== Supplied information ==
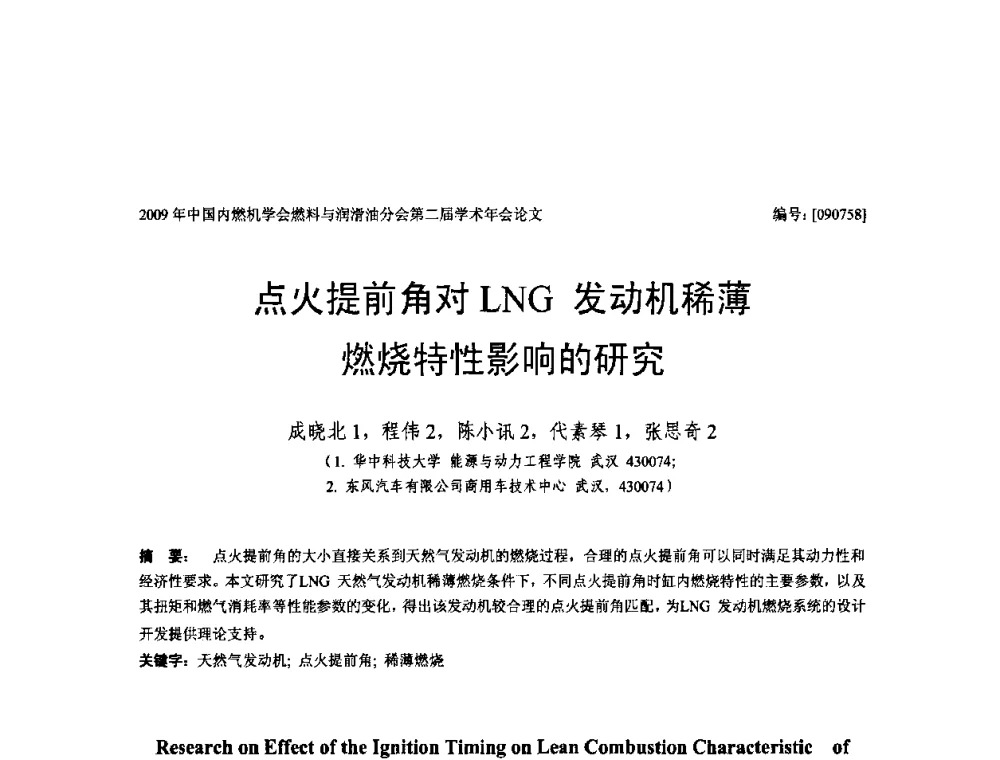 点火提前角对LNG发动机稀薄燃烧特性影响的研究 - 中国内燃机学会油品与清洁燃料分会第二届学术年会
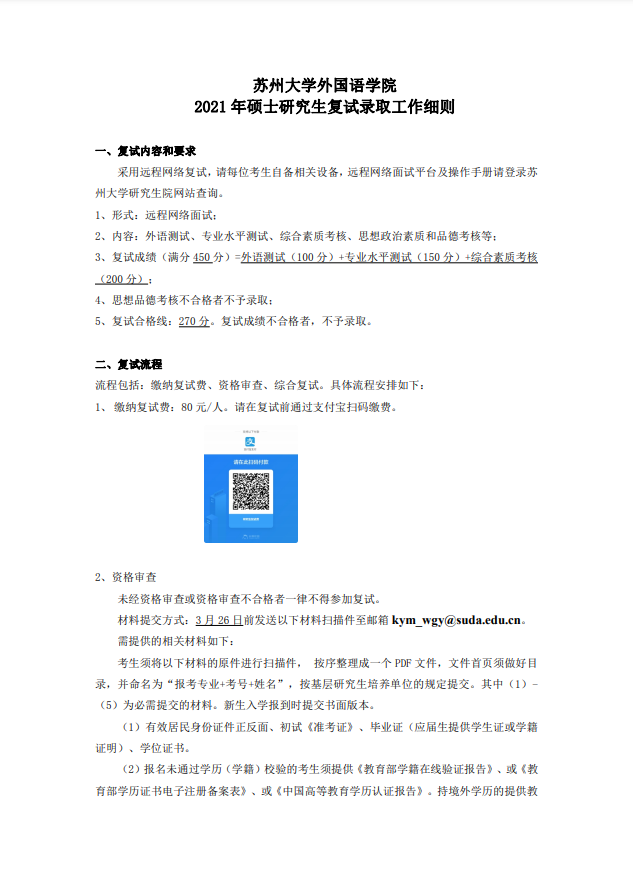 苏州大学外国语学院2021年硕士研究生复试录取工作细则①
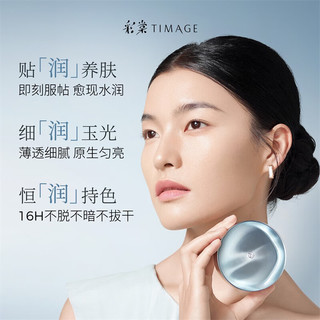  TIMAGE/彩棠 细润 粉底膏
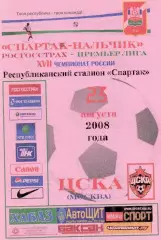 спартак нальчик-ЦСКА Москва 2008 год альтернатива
===
Only the lines from the one with "苏州大学外国语学院2021年硕士研究生复试录取工作细则①" through the end of the listing should be transcribed, exactly and without pictures.

 苏州大学外国语学院2021年硕士研究生复试录取工作细则①
  TIMAGE/彩棠 细润 粉底膏
 спартак нальчик-ЦСКА Москва 2008 год альтернатива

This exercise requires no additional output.